To develop this strategy, Alersool had to first set up a system to identify proteins that were either transcriptional activators or repressors. He tested different cell lines, target genes and delivery systems, but nothing seemed to work. This testing continued for two years without results; Alerasool suspects Taipale played a significant role in ensuring he passed his qualifying exam, without having much to show for his efforts at that point.
"Know that if you are having a rough time, you are not alone. I was fortunate to have Mikko, lab mates and friends to help me navigate through difficult times,” said Alerasool. “Remember that science is full of remarkably kind and talented individuals, so don't be shy to ask for help. In the end, a bit of luck and a lot of teamwork is needed, so don't be too hard on yourself."
When Alerasool was about to call it quits in 2016, he came across a new study from Stanley Qi’s lab at Stanford University that sparked one last idea to test. This changed the trajectory of Alerasool’s PhD career: the final experiment had worked. He had succeeded in screening 14,000 proteins to identify those that activate transcription. This project has resulted in a catalogue of over 200 human transcriptional activators, including some that previously had no known connection to transcription, and a genome-wide tool for identifying transcriptional regulators. These were breakthroughs in the field, with the potential for therapeutic applications via the design of artificial transcriptional regulators based on existing ones.
“Nader is a good example of how meticulous troubleshooting and perseverance can turn things around,” said Taipale. “Two years into a research project, he had nothing to show for it due to the level of technical difficulty it took to eventually pull off. But when he graduated, he left a lasting impact on our lab and the field, with multiple publications resulting from collaborative work and the research that he spearheaded.”
On the flip side of transcription activation, Alerasool also identified a more effective Krüppel-associated box (KRAB) domain for repressing target genes than any other KRAB domain used for CRISPRi screens at the time.
CRISPRi is a tool used by molecular geneticists to silence the expression of specific genes, with the aim of determining the function of each target gene. It requires the fusion of inactive Cas9 with a KRAB domain for gene repression. Prior to Alerasool’s discovery of the potency of the ZIM3 KRAB domain, CRISPRi was not capable of completely repressing the expression of target genes. The ZIM3 KRAB domain has made a significant impact on human genome engineering; it is now the standard for CRISPRi screens.
“Nader was awarded the Thesis Prize because his PhD research encompasses two important achievements, both of which resulted in major publications,” said Jack Greenblatt, professor of molecular genetics and chair of the Donnelly Centre Research Thesis Prize selection committee. “First, he developed technology that substantially improves CRISPRi screening for targeted gene repression. Second, he identified the surprisingly small subset of approximately 1,600 human transcription factors that are capable of activating the transcription process. His thesis is driving progress in molecular genetics and contributing to shared tools used in the field.

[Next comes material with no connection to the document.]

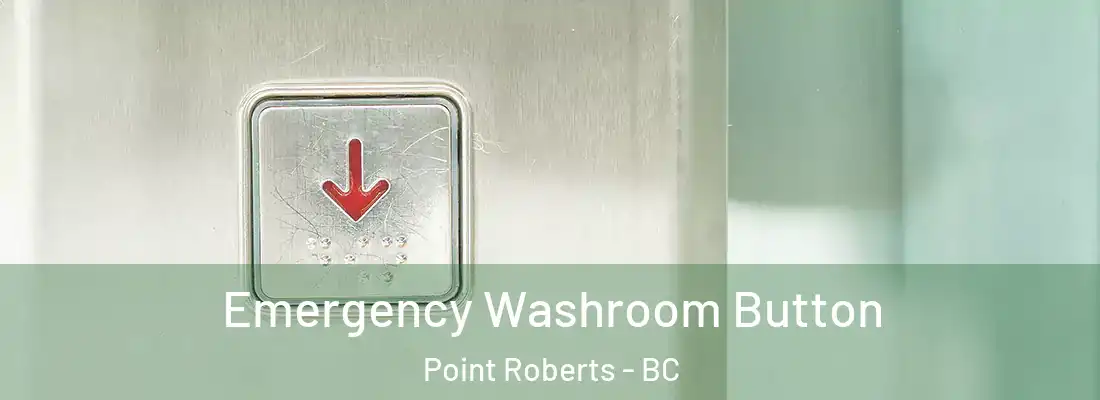  Emergency Washroom Button Point Roberts - BC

Alersool made several breakthroughs in his research, despite long-term challenges, and even managed to land a full-time job a few months before graduating. He spent a year working for Mammoth Biosciences, Inc., a gene therapy company, building pooled screening platforms to study the activity of nucleases, which are enzymes that cut DNA strands, and designing tools to find variants of nucleases. Alerasool has now been working at NewLimit since 2022, where he is learning to help build a new company from the ground up and contributing to work that aims to give people an immunity boost by reversing aging.